16:35Oh, but did you buy the pizza base or did you make it?
16:39No, so we would make like actual pizza base.
16:42I ain't doing that though.
16:44No?
16:44I'm just going to get some pizzas.
16:46Like Chicago Towns and just chuck them in the pizza oven.
16:49I ain't got time for that, bro.
16:53Who's doing that, man?
16:55I think my name is Papa John or something, bro.
16:58Oh my God, I nearly choked.
16:59No, bro.
17:00Don't do that, man.
17:01You can't.
17:02Yeah, bro.
17:02I ain't got time for that, bro.
17:04You're going to cook frozen pizzas in the pizza oven.
17:07Yeah, Baba's doing it outside, innit?
17:11On Tuesday night, another punter was pretending to be someone they're not on Channel 5.
17:17Oh, I loved it.
17:18Do you remember faking it?
17:19Yeah.
17:20I used to love faking it.
17:21I imagine we'd be quite good at this because we've both winged careers for the past 15 years.
17:25Oh, yeah, I'm robbing a living name here.
17:27Oh, tell me about it.
17:29Craig Murphy is 34 years old, born and raised in the Highlands of Scotland.
17:34Little dins like me.
17:35He runs his own painting and decorating company.
17:38Wait, he wears a decorating kilt?
17:39I love that he wears a decorating kilt.
17:41You don't want to see him up a ladder?
17:42No.
17:43He's going to be leaving his family behind and stepping into London's glitzy world of fashion makeup.
17:50I think if you're good at painting, it's similar.
17:54It depends if he's a good painter and decorator.
17:56Yeah.
17:57Because a lot of them aren't.
17:58Hello, buddy.
18:01I'm going to have to have some cheese.
18:03Would you do my makeup?
18:04All you've got to do with faking it, really, I think, is learn the lingo.
18:07I think you've mentioned cheekbones a bit and blusher.
18:11Let's lift them up a bit.
18:12Yeah.
18:13Blusher, lip liner.
18:15Yeah, lip liner.
18:16But exactly the same as a skirting board.

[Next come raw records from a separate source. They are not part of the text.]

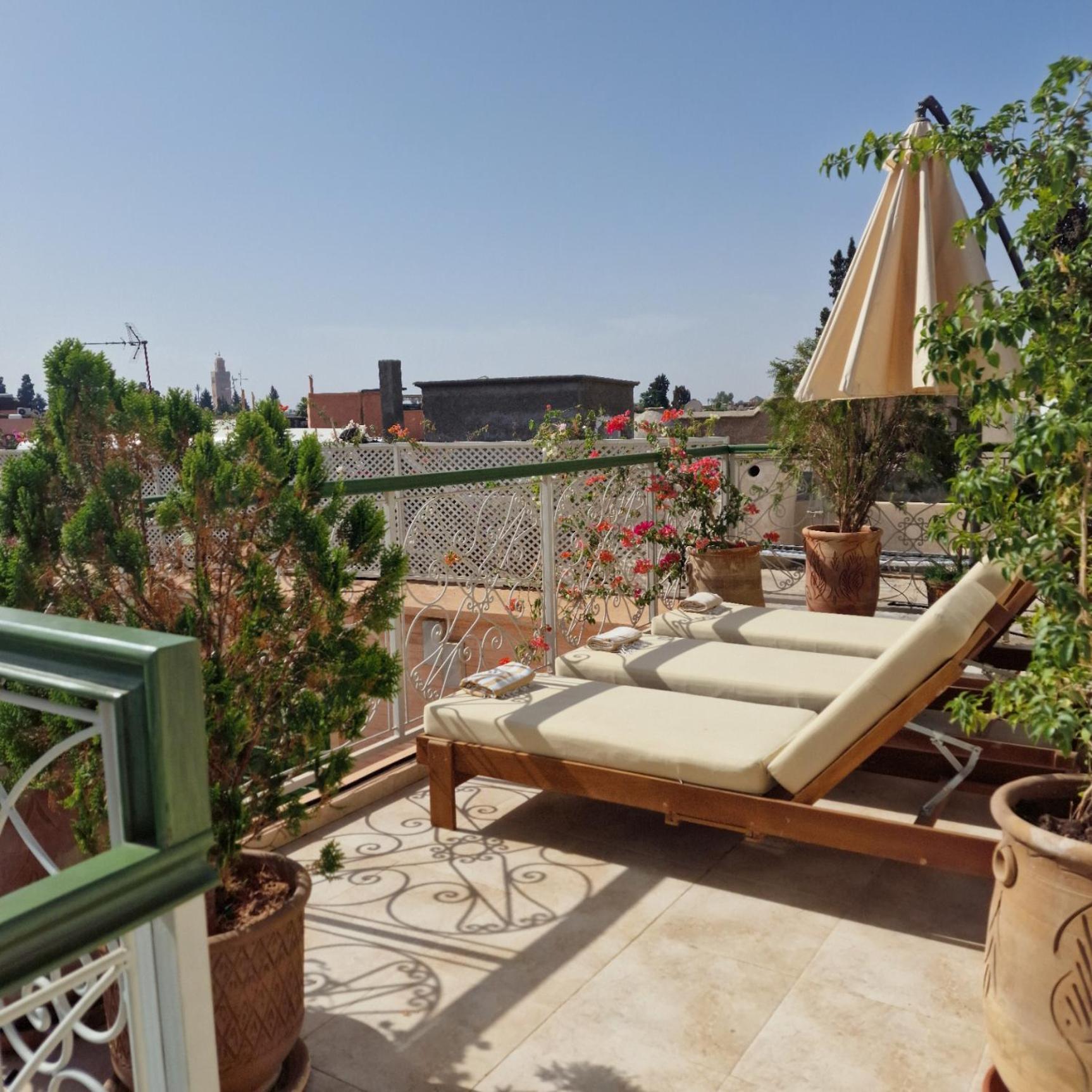 Riad Contessa Марракеш Экстерьер фото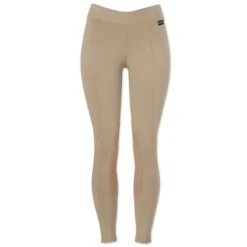 Kerrits Flow Rise Performance Tight -Lemieux Store 13544 tan front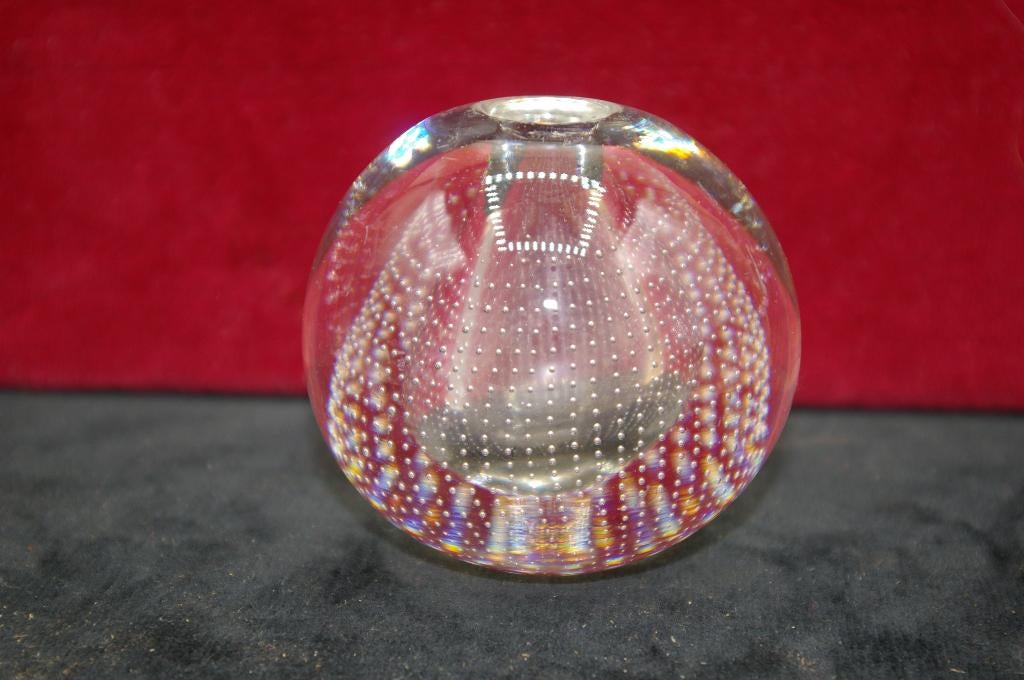 Spijkervaasje, Antiek en Kunst, Antiek | Glas en Kristal, Ophalen of Verzenden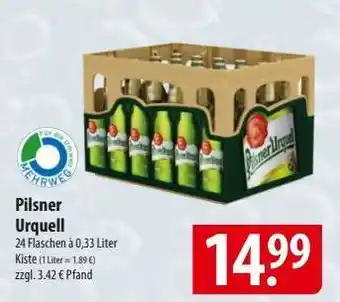 Famila Nord Ost Pilsner Urquell Angebot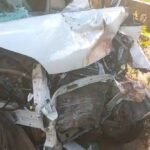 Up में बड़ा हादसा:ट्रक में जा घुसी तेज रफ्तार कार, महिला समेत तीन की मौत; गाड़ी के उड़े परखच्चे – Speeding Car Crashes Into Truck In Dadari Three Dead Including A Woman
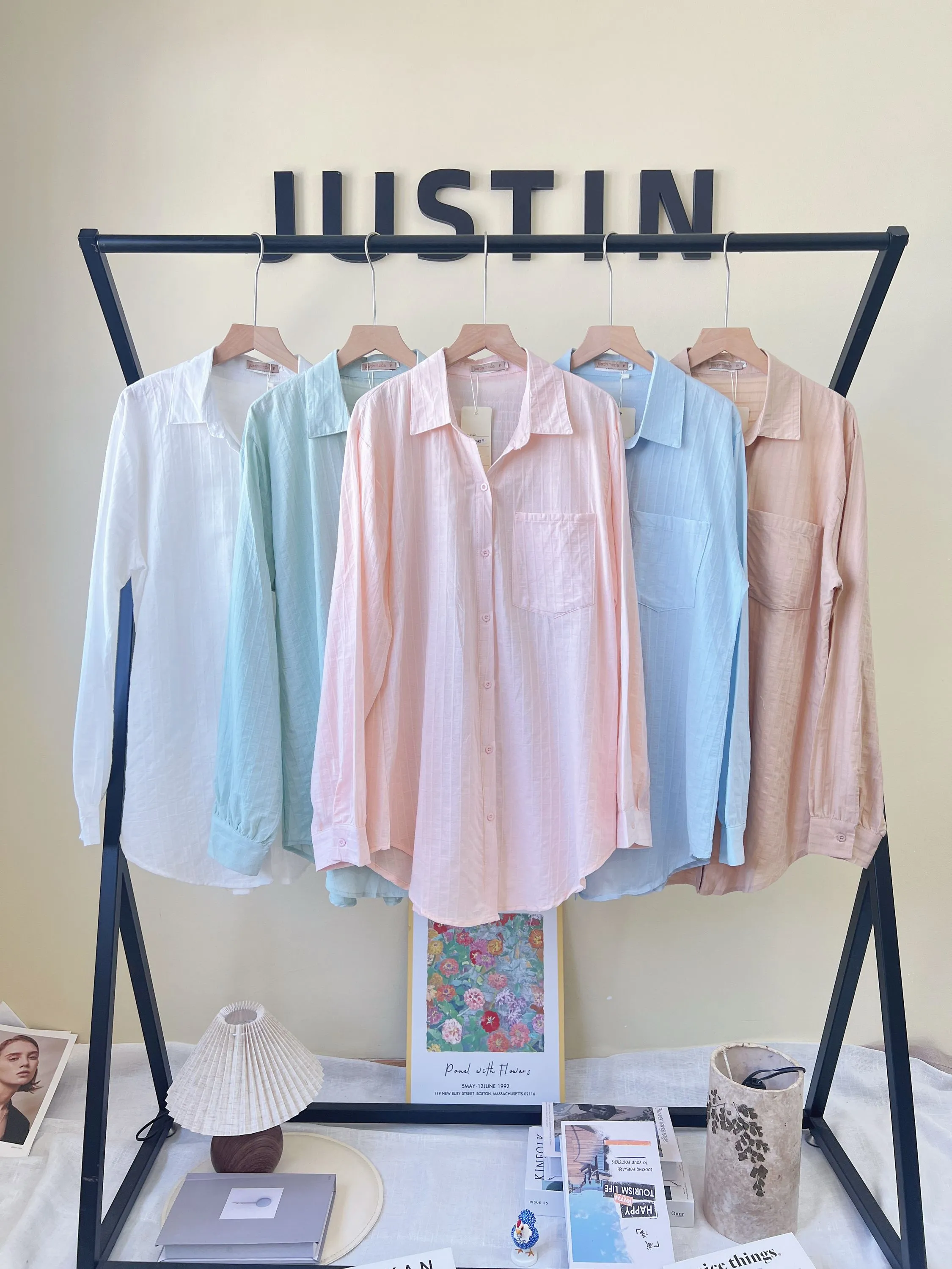Camisa #098 Justin moda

18:19First things first, does Craig even know what's in the bottles?
18:24What is this?
18:25No idea.
18:26This Craig guy, he's like, what's in this?
18:27He's like, make-up.
18:29Yeah.
18:30What about this?
18:31Mascara.
18:32Mascara.
18:34Blusher.
18:34Oh, he ain't got a clue.
18:35Oh, it's going to be a long day, Craig.
18:38What about this?
18:40Blusher.
18:40Bronzer.
18:41Oh, just tell him.
18:42Don't ask him the question.
18:43Just tell him.
18:44What's the point of a quiz for a man who's never been in a makeup shop?
18:48What's the point?
18:49What's this?
18:49Another box.
18:50Yes.
18:51Howard wants him to apply makeup on a real model, so he can see how he gets on.
18:55Here we go.
18:56Oh, he's so nervous.
18:57Look at him.
18:57Get in there.
18:58Chucked in at the deep end.
18:59Yeah, but he's got good people around him, so let's see.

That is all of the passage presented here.